さて、写真のラケット達は、これからオーナーさんの手元に戻りますが、どのような感想が出てくるか??とても楽しみです。

続きを乞うご期待!!

ヽ(^。^)

文頭にもあるようにピュアアエロは縦横同じテンションで張っても膨らむのに、クロスを2LBs下げるとかなり膨らむと思うのですが、ラケットは変形するが打球感は良くなると理解したらよいのですか?
変形によるラケットのダメージなどは大丈夫なのでしょうか?
私も自分でガットを張りますが、一番気を付けているのが変形をしないためのクロスのテンション操作です。
ラケットによりクロスのテンションを上げたり下げたりしていますが、ラケットの変形はそんなに気を付けなくても大丈夫ですか?
また、初めて張るラケットが痩せるか太るかの予想の付け方等ありましたら、教えてください。

よろしくお願いします。

お返事がとても遅くなり申し訳ありませんでした。

坂本さんが仰る様にピュアアエロは、何も手を打たずに張ってしまうと、張り上げるストリングや使用するマシンによってはかなり膨らんでしまいます。
打球感については好みがありますので、一概に良くなるとも悪くなるとも言い難い部分がありますが、膨らんでしまうと、概ねマイルド(鈍い)打感になる傾向が強いです。
変形が1mm程度であれば、使用するうちにストリングが伸びる等で原型に近づいたりします。
(少し使い込むと良い感じになるというのは、単にストリングが柔らかくなるだけではなくて、変形も関与していると思います)

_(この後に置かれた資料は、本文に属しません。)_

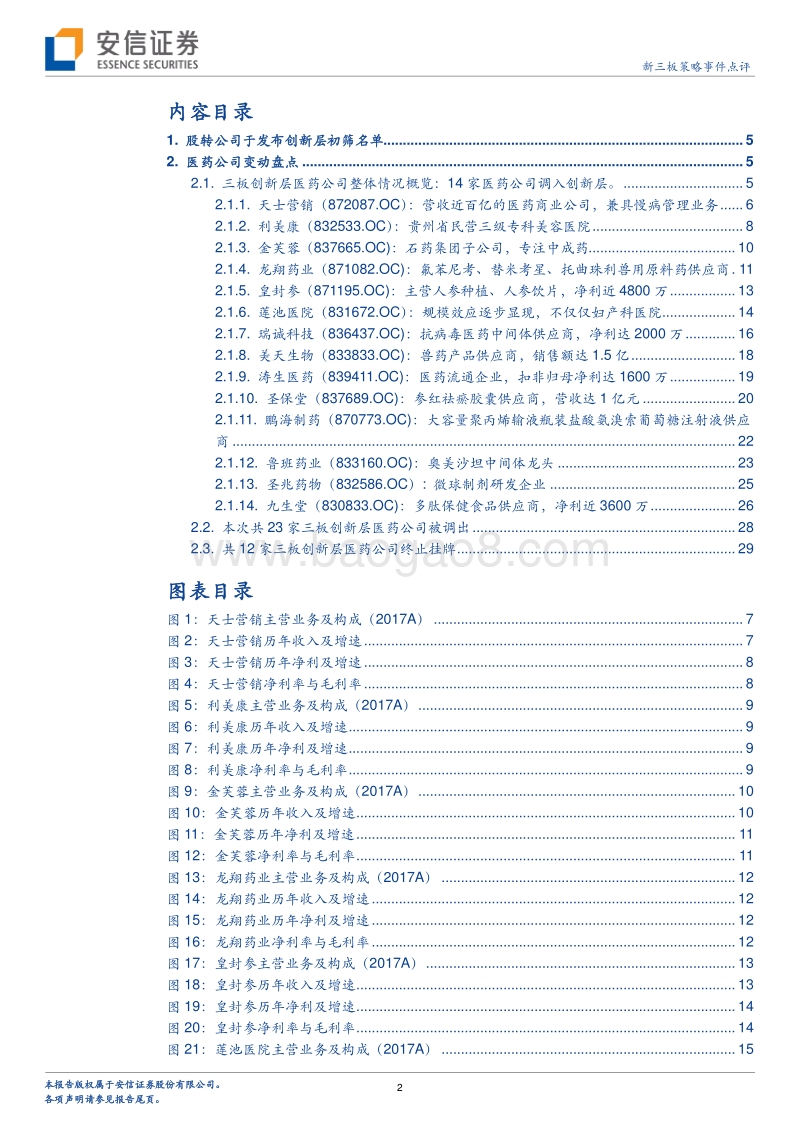 从医药视角看创新层中公司变化？.pdf_第2页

今のラケットは、フレームが撓んだり(変形してもとに戻る)する事でボールを飛ばしますので、変形が直ぐに大きなダメージに繋がる事は少ないと思いますが、搭載されている性能を十分に発揮する事はできないと思います。
(プロ選手の中には「変形しても構わないから指定のテンションで張って欲しい」という方もいるそうです)

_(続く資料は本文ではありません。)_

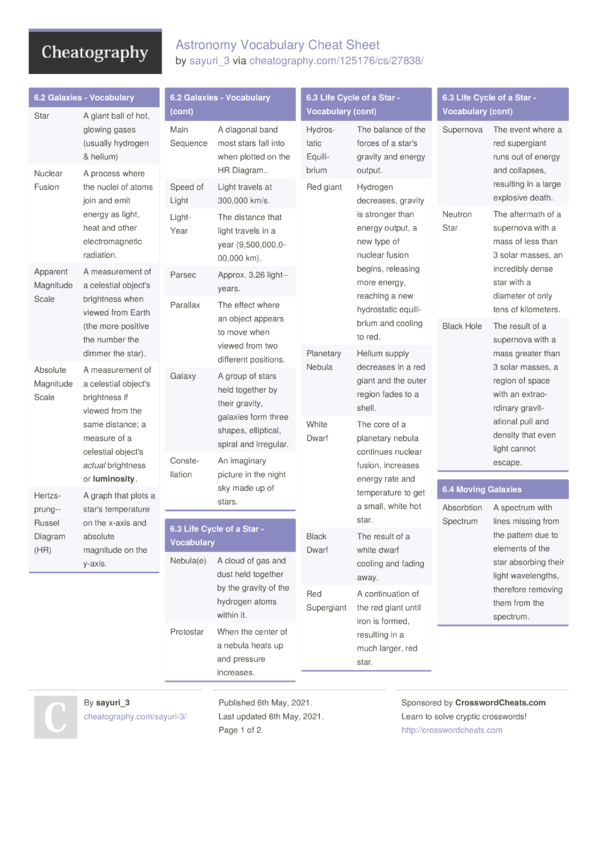 Astronomy Vocabulary Cheat Sheet by sayuri_3 Download free from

使用するマシンにもよりますが、基本的にはクロスのテンションを下げる事はあっても上げる事はありません。
セッティング(ラケットのマウント具合)で調整しても膨らみが酷い場合には、メインを張り終わらないうちにクロスを張ってしまうなどの工夫をします。

ラケットの変形については、とても気を配る必要があります。
例えば、最近のラケットではYONEXさんのVCOREが結構やっかいなラケットで、マウントのセッティングを工夫しなければ、テンション調整だけでは原型に戻りません。
(面の形状が少し幅広に変わったために、トップ側が落ちて膨らみ、スロート側は劇痩せします)

原型に戻せなければ、打感が板の様だったりホールド感が強かったりと、とても好きにはなれないラケットに仕上がってしまいますが、キレイに張れるとビックリするような好打感に一転します。

ラケット変形は、元々の形状が丸に近ければ膨らみ易く、楕円になる程痩せやすい傾向にありますが、今のラケットは単純な形をしていませんし、面の部分部分に違う素材が配置されているので、一律な変形をしません。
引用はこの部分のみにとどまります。